Bitcoin Price: US$ 17,943.26 (+2.88%)
Ethereum Price: US$ 1,389.39 (+4.03%)
Bitcoin Update: Reflecting on 2022 and the Future
- Despite bearish BTC price action throughout 2022, activity on the Bitcoin network has remained stable. The number of active Bitcoin wallets was flat in 2022, at ~4.5M — inline with the numbers from the past four years. Looking at a four year cycle, the active wallet count is even trending upwards slightly.
- But at the same time, it’s clear that active address growth has been stagnant since roughly Q1 2021. That’s not what you would like to see given what market conditions were like in 2021. Active address levels have found a higher base than in the previous cycle, so we haven’t seen a significant exodus of users from the Bitcoin network.
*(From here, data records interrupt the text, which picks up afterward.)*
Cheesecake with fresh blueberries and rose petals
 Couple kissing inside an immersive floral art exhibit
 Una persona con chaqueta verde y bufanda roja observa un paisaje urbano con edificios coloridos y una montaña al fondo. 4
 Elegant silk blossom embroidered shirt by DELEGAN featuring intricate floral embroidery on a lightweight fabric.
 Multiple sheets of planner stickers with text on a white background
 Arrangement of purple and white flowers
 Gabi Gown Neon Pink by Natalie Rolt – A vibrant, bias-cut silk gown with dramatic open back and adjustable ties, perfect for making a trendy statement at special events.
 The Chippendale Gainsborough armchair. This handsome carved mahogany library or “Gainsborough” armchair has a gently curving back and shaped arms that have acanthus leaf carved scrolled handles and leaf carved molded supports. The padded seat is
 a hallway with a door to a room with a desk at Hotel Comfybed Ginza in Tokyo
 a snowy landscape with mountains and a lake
But we haven’t seen significant growth, either. Instead, we’ve seen active wallets on Bitcoin remain relatively flat throughout all of 2022. Even when they peaked in 2020, they barely surpassed the prior high from 2017.
- Transaction counts were relatively stable throughout 2022, but have declined overall since the peak of the 2021 bull market. Notably, Bitcoin’s transaction count has failed to surpass its peak from 2017. The lack of growth could be partly due to the influence of the hodl narrative — people buying Bitcoin, sending it to cold storage, and never spending it. The lack of growth could also be caused by Lightning taking up some of the demand. Or, more concerningly, the stagnant growth could be Bitcoin failing to maintain its relevance in a market that is constantly producing new technologies and narratives. Either way, the lack of transactional growth in Bitcoin between 2018 and 2023 is a cause for concern.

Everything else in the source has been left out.